#### Task to carry out
Which lines of the records below contain the word "Group"? Show each one.

---------- Exercise data ----------

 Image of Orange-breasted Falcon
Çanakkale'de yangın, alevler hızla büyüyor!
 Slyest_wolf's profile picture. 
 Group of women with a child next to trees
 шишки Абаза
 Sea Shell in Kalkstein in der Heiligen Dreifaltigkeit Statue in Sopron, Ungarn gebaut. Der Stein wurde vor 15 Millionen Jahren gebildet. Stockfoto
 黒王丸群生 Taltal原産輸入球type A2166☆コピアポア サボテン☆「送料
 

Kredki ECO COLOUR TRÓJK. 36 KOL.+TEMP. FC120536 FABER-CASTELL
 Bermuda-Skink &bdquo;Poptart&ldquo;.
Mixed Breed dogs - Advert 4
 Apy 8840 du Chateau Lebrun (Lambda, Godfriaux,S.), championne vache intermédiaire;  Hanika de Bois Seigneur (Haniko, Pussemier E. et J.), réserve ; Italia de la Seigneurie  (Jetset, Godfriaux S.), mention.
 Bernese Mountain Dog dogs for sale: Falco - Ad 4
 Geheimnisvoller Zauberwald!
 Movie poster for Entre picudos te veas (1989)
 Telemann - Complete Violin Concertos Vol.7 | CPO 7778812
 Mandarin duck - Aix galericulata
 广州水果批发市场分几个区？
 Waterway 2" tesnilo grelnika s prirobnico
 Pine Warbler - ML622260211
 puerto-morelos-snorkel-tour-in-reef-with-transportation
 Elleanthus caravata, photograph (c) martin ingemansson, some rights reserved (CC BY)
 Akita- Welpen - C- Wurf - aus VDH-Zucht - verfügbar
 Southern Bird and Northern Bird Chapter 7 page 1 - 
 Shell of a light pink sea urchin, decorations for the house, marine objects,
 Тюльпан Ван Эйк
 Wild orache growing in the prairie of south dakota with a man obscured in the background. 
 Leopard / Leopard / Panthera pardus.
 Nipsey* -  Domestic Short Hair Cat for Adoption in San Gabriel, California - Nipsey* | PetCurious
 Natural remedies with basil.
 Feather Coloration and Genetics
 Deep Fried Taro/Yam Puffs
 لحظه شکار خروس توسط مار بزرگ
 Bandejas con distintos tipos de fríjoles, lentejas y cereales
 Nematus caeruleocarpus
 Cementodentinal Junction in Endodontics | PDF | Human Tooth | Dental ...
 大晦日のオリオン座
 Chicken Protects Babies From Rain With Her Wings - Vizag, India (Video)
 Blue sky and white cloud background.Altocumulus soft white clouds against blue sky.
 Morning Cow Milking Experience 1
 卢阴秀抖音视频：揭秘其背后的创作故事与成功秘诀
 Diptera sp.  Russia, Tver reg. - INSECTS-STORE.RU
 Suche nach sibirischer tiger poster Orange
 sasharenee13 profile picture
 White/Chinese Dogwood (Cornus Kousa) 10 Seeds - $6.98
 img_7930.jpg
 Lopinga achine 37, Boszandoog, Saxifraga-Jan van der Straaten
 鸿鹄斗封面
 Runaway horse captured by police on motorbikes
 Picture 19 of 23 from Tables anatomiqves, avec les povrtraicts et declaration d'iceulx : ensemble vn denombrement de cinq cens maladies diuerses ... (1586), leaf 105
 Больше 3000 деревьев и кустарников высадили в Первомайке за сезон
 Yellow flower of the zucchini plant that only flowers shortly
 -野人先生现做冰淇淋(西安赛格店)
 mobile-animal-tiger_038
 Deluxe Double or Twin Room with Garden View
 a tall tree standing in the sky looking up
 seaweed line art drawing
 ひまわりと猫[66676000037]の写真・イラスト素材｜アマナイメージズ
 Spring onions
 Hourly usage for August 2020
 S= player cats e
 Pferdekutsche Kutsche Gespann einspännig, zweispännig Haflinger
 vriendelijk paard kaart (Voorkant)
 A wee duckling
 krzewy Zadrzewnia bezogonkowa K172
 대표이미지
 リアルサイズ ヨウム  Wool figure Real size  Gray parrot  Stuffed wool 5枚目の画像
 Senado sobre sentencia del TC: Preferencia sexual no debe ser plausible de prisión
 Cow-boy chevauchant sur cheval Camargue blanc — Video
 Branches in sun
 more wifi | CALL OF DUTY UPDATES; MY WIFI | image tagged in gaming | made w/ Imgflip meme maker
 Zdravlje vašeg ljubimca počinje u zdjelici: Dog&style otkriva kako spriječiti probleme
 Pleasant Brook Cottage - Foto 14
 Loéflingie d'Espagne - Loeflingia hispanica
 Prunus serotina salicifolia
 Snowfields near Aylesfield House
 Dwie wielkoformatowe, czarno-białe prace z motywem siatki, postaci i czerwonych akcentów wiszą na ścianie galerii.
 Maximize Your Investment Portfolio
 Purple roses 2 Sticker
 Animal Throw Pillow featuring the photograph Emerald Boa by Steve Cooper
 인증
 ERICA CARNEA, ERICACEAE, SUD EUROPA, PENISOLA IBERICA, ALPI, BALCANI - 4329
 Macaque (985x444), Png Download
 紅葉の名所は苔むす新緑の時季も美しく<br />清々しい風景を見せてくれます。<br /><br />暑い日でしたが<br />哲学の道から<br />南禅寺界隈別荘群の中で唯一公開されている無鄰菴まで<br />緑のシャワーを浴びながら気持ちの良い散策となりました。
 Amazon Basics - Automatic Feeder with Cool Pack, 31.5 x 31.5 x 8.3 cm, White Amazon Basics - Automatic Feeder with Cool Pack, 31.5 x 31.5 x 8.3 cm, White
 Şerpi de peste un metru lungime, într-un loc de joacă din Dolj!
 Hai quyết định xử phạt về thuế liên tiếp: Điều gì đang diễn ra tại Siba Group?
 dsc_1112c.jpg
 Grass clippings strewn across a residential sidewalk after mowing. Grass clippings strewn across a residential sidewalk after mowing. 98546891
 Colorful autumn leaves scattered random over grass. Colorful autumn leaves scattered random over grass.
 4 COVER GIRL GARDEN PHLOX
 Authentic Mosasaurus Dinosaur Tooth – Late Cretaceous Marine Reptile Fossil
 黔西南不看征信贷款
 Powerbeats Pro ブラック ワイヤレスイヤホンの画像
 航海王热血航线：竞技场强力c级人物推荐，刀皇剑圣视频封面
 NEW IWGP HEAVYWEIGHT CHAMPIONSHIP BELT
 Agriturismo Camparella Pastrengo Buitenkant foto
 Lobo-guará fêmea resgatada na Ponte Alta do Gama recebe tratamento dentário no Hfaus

----------

#### Solution for this task
 Group of women with a child next to trees
 Hai quyết định xử phạt về thuế liên tiếp: Điều gì đang diễn ra tại Siba Group?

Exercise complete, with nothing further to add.